By Terry Dean
The families of 18 District 97 students decided to opt out of the district's Fast ForWord program, a computer-based curriculum designed to help struggling students.
The program is available at every school, but parents have the option of removing their students from it. FastForWord was piloted in 2011 and implemented district-wide during the 2012-13 school year. Of the 666 kids in the program, 18 have opted out for various reasons, ranging from dissatisfaction with the program to wanting their child in a different at-risk program in the district.
According to the district's data, students who have remained in Fast ForWord have showed progress.
The district-wide launch was slated for third-graders only, with plans to expand to other grades. Of those 666 third-graders, 67 percent made gains in reading and language, according to the district. The program addresses students' cognitive and language skills.

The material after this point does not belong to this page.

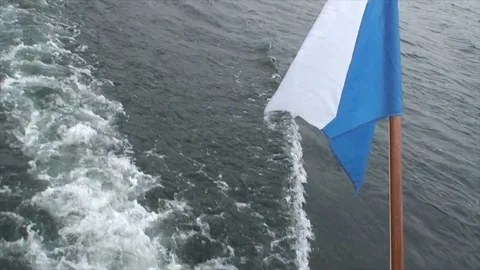 White and Blue Flag flying over a boats wake Video stock 84999969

Though initially focused on academically struggling students, the program was expanded to include higher-achieving students this year. While mostly every student who participated showed improvement, gains among the high-achieving students were not as strong as for those on the lower end, according to the district's data.
Still, D97 administrators and school board members are generally pleased with the overall results, which were presented to the board on March 19. Fast ForWord has its share of supporters and critics, D97 officials acknowledged. But Supt. Albert Roberts stressed that the program is working for most of the students who are participating.
"When you look at the youngsters who were struggling … I'm still convinced it was a good investment," Roberts said of the nearly $500,000 purchase of Fast ForWord in early 2012.